Riforma delle pensioni

Negli ultimi mesi mi sono più volte interrogata sul perché la questione pensionistica, al centro di un processo di riforma che deve essere portato a compimento, e che tutti a parole dicono di voler realizzare, in realtà sia rimasta al palo. Ma vediamo a che punto è la situazione. La riforma del 2005, fin dalla primavera del 2007 avrebbe già dovuto essere completata con ulteriori interventi sia di natura correttiva che integrativa.


Rispetto a tale impegno di legge, soltanto una parte ridotta di misure è stata realizzata, lasciando ancora irrisolti numerosi aspetti che invece è necessario affrontare. Ad esempio: le forme di copertura previdenziale per i rapporti di lavoro atipici e i rapporti di lavoro discontinui; l’istituzione di un contributo improntato all’equità tra i pensionati e gli assicurati, ecc..


Ma la riforma, che si componeva anche del provvedimento che introduceva la pensione complementare, è rimasta poi orfana anche di questo importante tassello che avrebbe potuto, invece, consolidare il nostro modello previdenziale, rafforzandone la capacità di tenuta nel tempo. In tal modo siamo rimasti – unico paese in Europa – con un sistema basato su un unico pilastro a carattere retributivo, che sulla carta promette rendimenti pensionistici che, nella realtà, non sarà oggettivamente in grado di garantire…

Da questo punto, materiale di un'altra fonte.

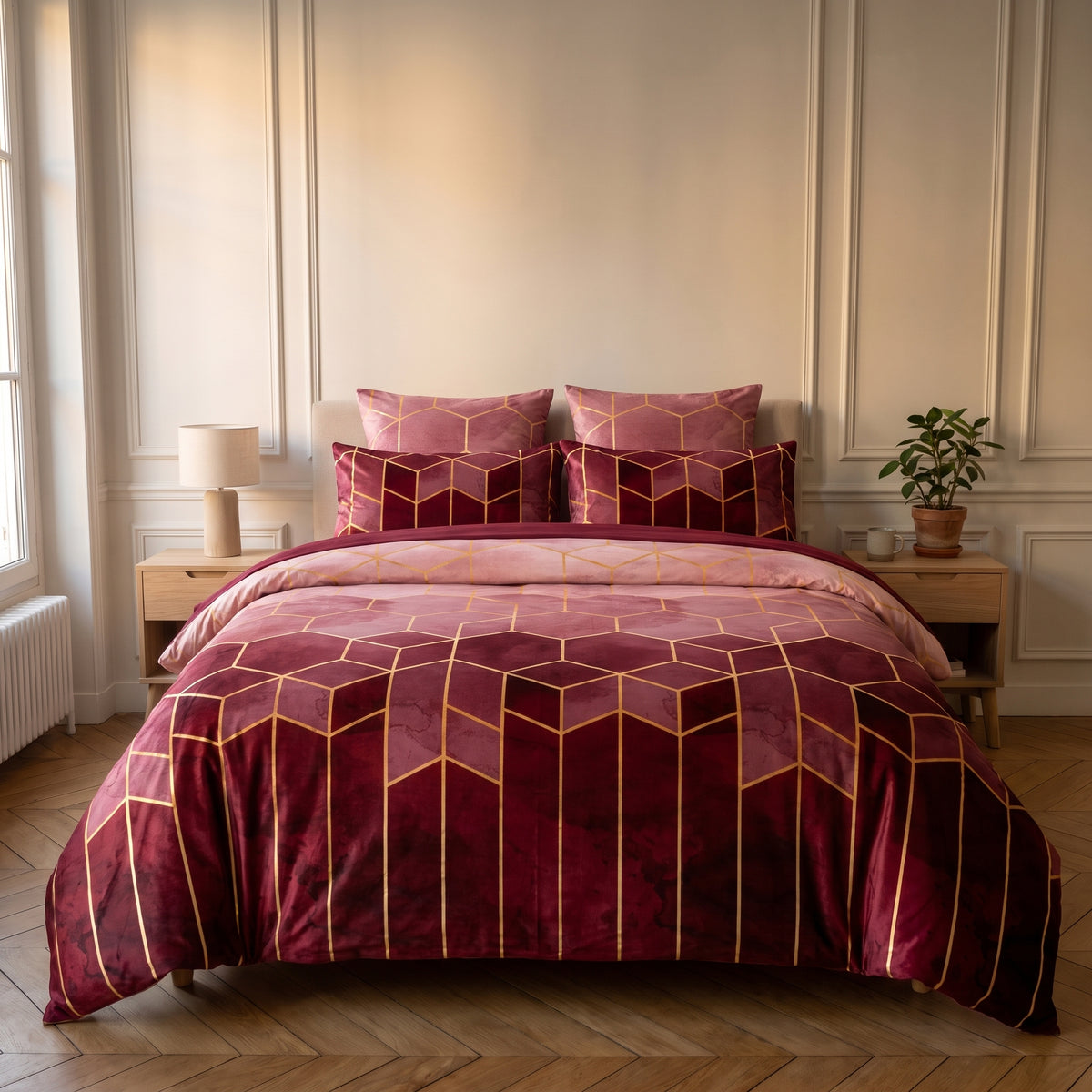 Housse de couette géométrique rouge, vue seule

Da qui la necessità di avviare contestualmente una verifica complessiva della materia che affronti criticamente anche l’attuale impianto previdenziale, per orientarlo verso la effettività del suo equilibrio finanziario. E ora vediamo quali effetti produce questo grave ritardo nel completare la riforma pensionistica.

Di sicuro priva gli assicurati della possibilità di integrare la propria pensione pubblica, tradizionale, con una forma complementare, quale parziale copertura della quota di prestazione ridotta in seguito all’ultimo intervento di riforma. E per i giovani lavoratori, ma non soltanto per loro, da parte di chi ha causato questi ritardi, pesa la responsabilità di aver determinato una prospettiva previdenziale sempre più indeterminata ed incerta…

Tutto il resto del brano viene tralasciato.